Define 'winding up'. Glances? Concerned looks? Shaking the head? Pointing? Waving? Yelling? What do you mean 'winding up', and are you _really_ saying you never shake your head or show the least emotion on the roads? And, more to the point, do you really believe that such a thing is never helpful?


----------



## col (3 Sep 2008)

Cab said:


> Define 'winding up'. Glances? Concerned looks? Shaking the head? Pointing? Waving? Yelling? What do you mean 'winding up', and are you _really_ saying you never shake your head or show the least emotion on the roads? And, more to the point, do you really believe that such a thing is never helpful?
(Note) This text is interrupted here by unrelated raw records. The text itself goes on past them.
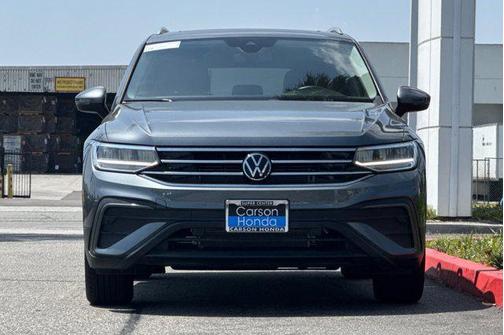 Platinum Gray Metallic 2024 Volkswagen Tiguan 2.0T SE
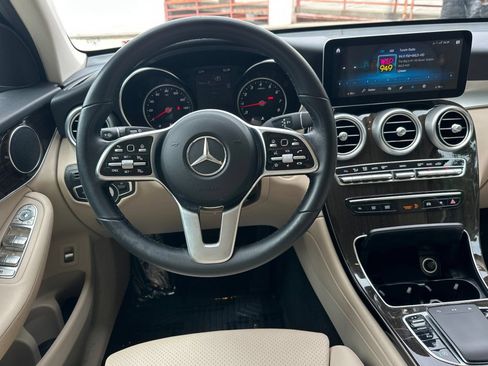 Used 2021 Mercedes-Benz GLC 300 4MATIC image 18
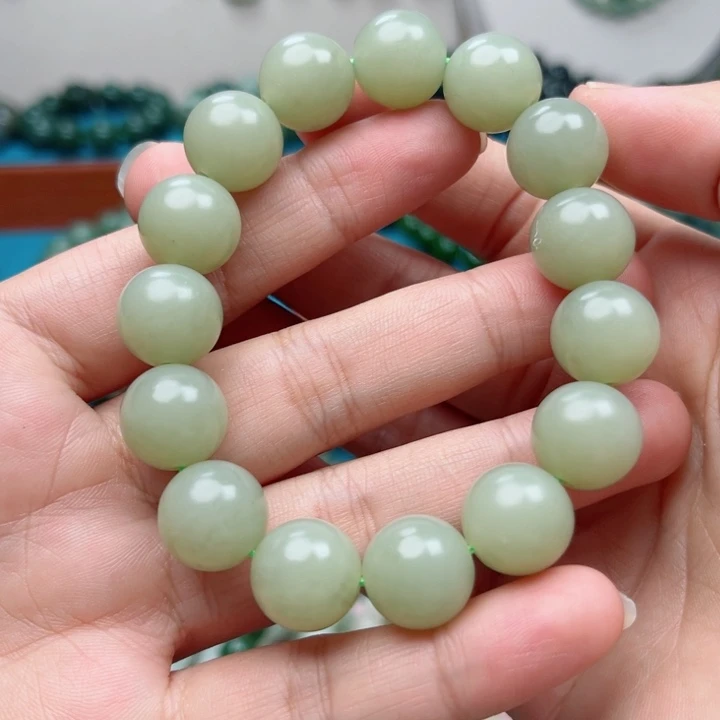 和田玉未镶嵌手镯卡14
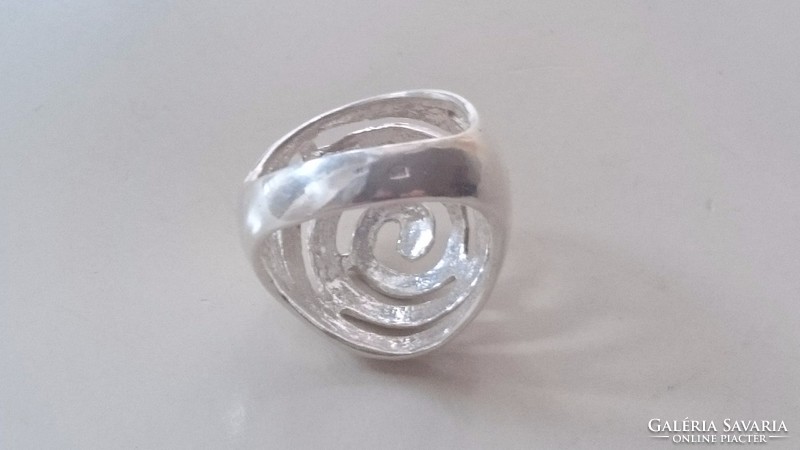 Ezüst gyűrű áttört díszítéssel 925 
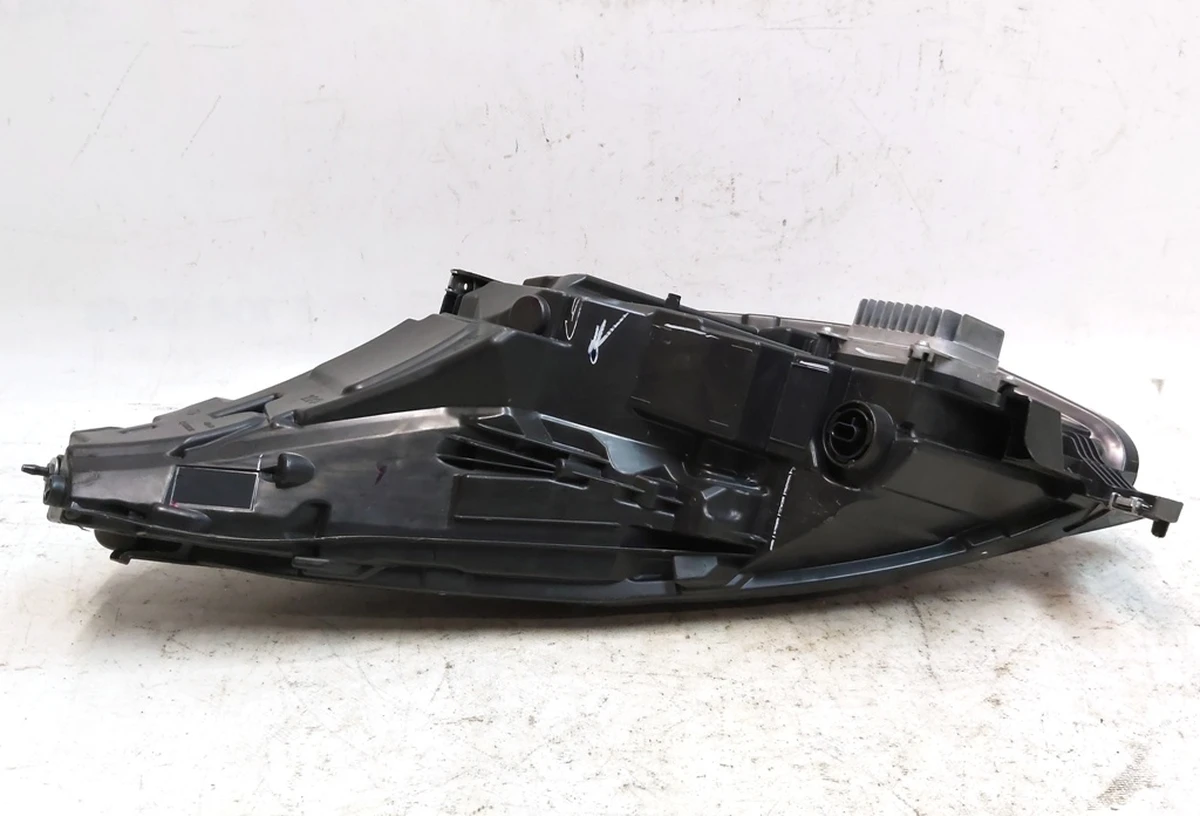 2 HD/LP ASY, SAE UP-LEVEL, RH scratches on the glass, works only turning Tesla Model 3, Model Y 1514953-00-C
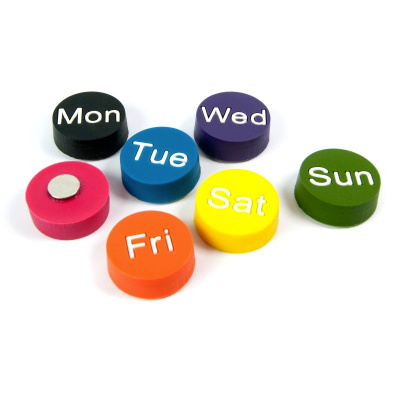 Silikone magneter med ugens 7 dage på engelsk i forskellige pangfarver. Trendform model WEEKDAYS leveret i 7-pak gaveæske.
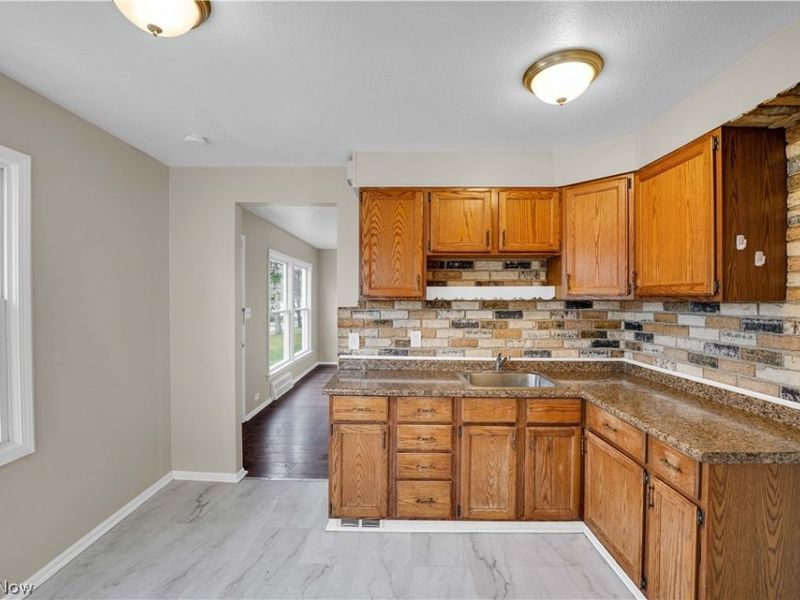 18721 Fairway Avenue, Maple Heights, OH 44137 Photo 7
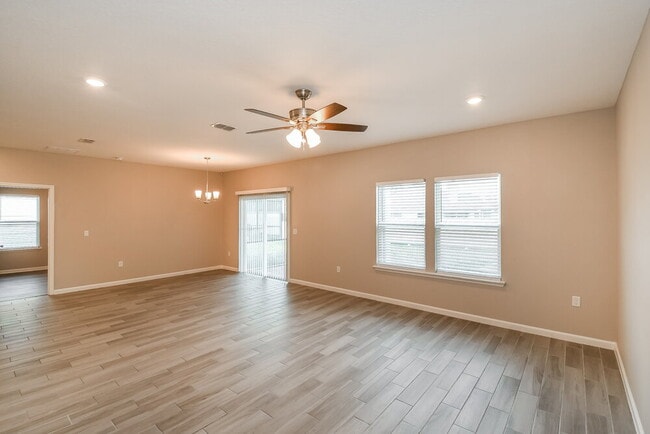 Foto del edificio - 7049 Bowers Creek Dr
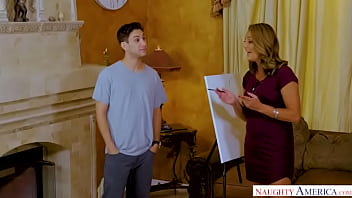 A wild sexy cougar artist proves creativity in riding a cock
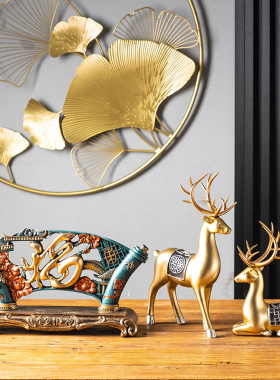 平安是福寓意的家居客厅电视柜桌面招财大金鹿装饰品级感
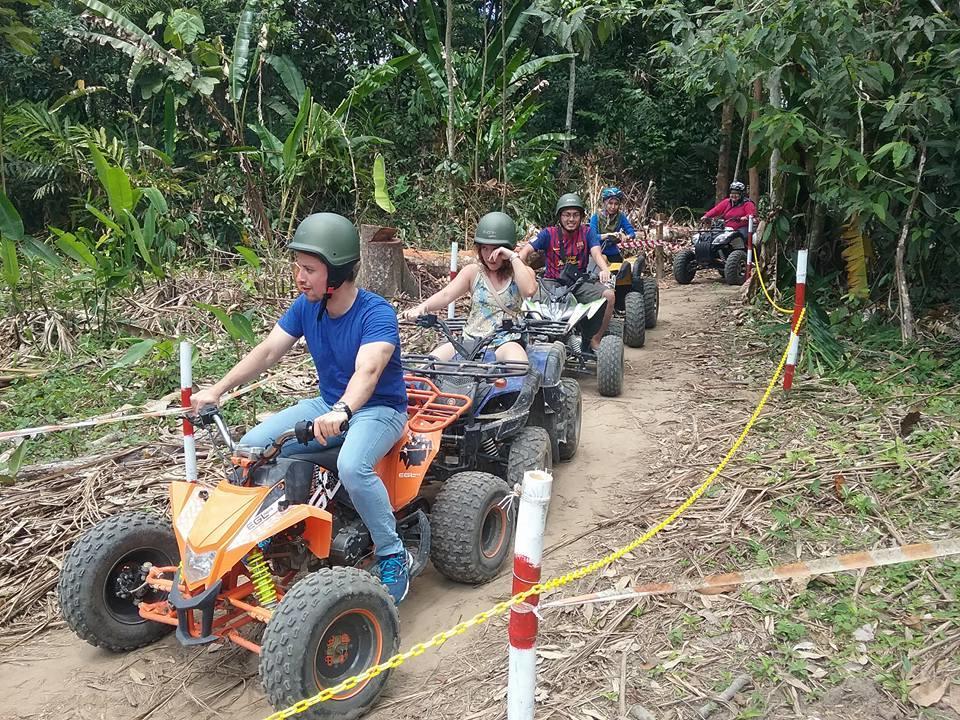 Seri Pengantin Resort Kampung Janda Baik Exterior foto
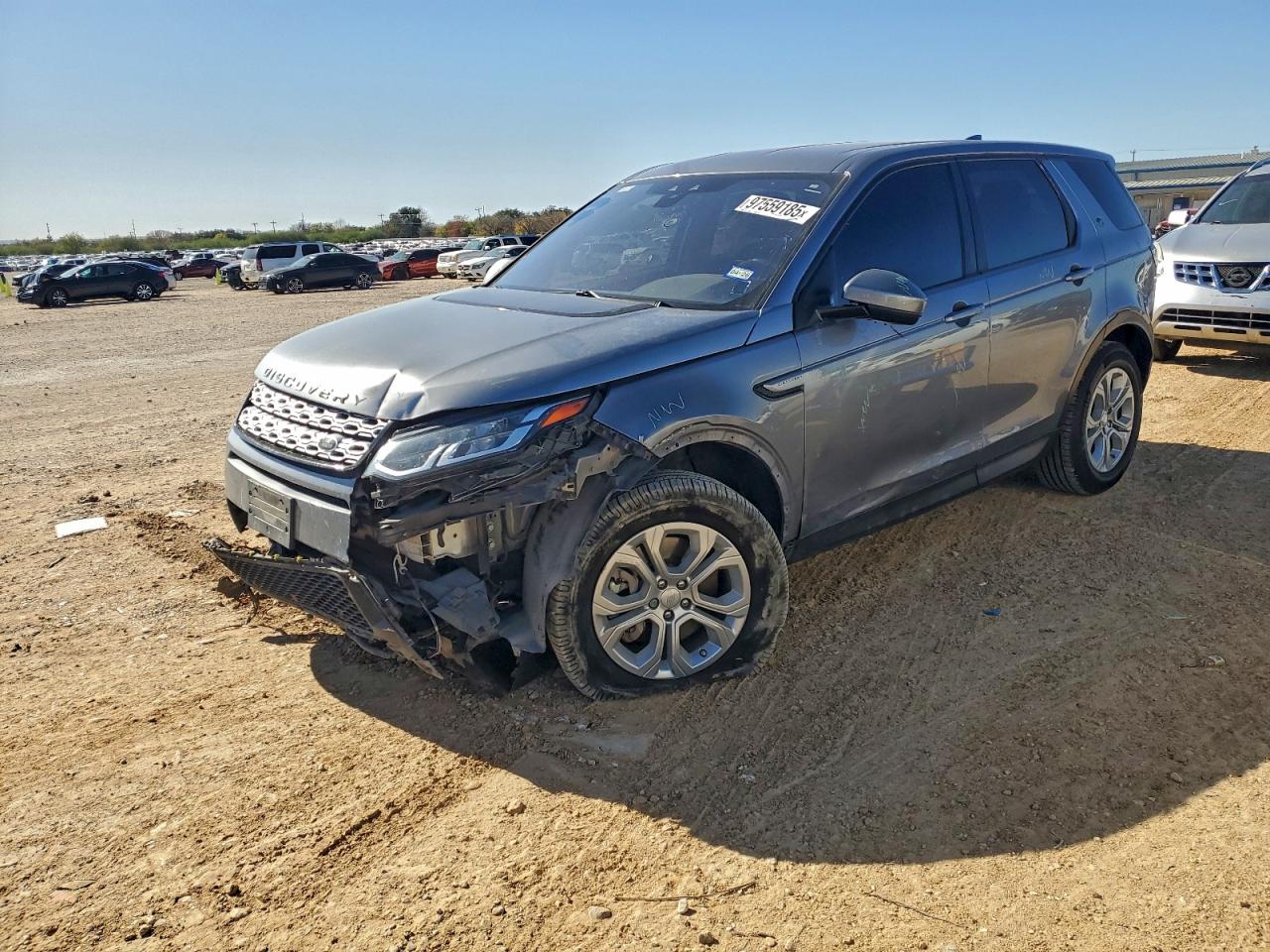 Land Rover Discovery Image 1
Im not saying anything ,assumption on your part again.Can you answer the question,or will you go off and avoid doing that by asking something else again?As a mask to answering.Here it is again
Is it right or wrong to wind someone up on purpose to get a reaction?

Taking a while?Its not a hard question.


----------



## Cab (3 Sep 2008)

col said:


> Im not saying anything



And yet, strangely, you still find something to post about.



> ,assumption on your part again.Can you answer the question,or will you go off and avoid doing that by asking something else again?As a mask to answering.Here it is again
> Is it right or wrong to wind someone up on purpose to get a reaction?
> 
> Taking a while?Its not a hard question.



I'm trying to define the question so it is one worth answering. How are you defining this 'winding up'? I've given you examples, what do you _mean_?


----------



## col (3 Sep 2008)

Cab said:


> And yet, strangely, you still find something to post about.
> 
> 
> 
> I'm trying to define the question so it is one worth answering. How are you defining this 'winding up'? I've given you examples, what do you _mean_?




There you have it,a blatant attempt to avoid


Oh and let mr p know im alive,im sure he was worried earlier


----------



## Cab (3 Sep 2008)

col said:


> There you have it,a blatant attempt to avoid
> 
> 
> Oh and let mr p know im alive,im sure he was worried earlier



I see, so asking to clarify a loaded question is now avoidance. You're familiar with 'have you stopped beating your wife'?


----------



## Sh4rkyBloke (3 Sep 2008)

Rhythm Thief said:


> "Mildest, tiniest form of sarcasm"? Come on. Why turn around to a driver (who, fair enough, has jumped a red light) and start making wristy gestures and commenting on his driving?



I only originally applauded his driving whilst shaking my head - that's all.

When he started shouting and beeping and gesticulating as he passed I shouted that he'd run the red light and suggested his love of ononism, much the same as he was suggesting towards me whilst driving away.


----------



## hackbike 6 (3 Sep 2008)

Slight lack of hand signals there.


----------



## col (3 Sep 2008)

Cab said:


> I see, so asking to clarify a loaded question is now avoidance. You're familiar with 'have you stopped beating your wife'?



Im not,what does it mean?

Still havnt answered either eh?
Nor has mr p


----------



## Sh4rkyBloke (3 Sep 2008)

Okay Col - here goes.

Is it wrong to deliberately wind someone up looking for a reaction? I'd say "yes" pretty much all of the time... but here's the tricky bit, you need some form of context around it.

I don't see my initial applause and shaking of head as "winding up" - it was a display of my displeasure at his low standard of driving. No, it didn't directly affect me, but this doesn't mean I have to ignore it - where would the world be if we all went round ignoring anything that didn't directly affect us (would you assist someone in trouble or walk by as it didn't affect you??).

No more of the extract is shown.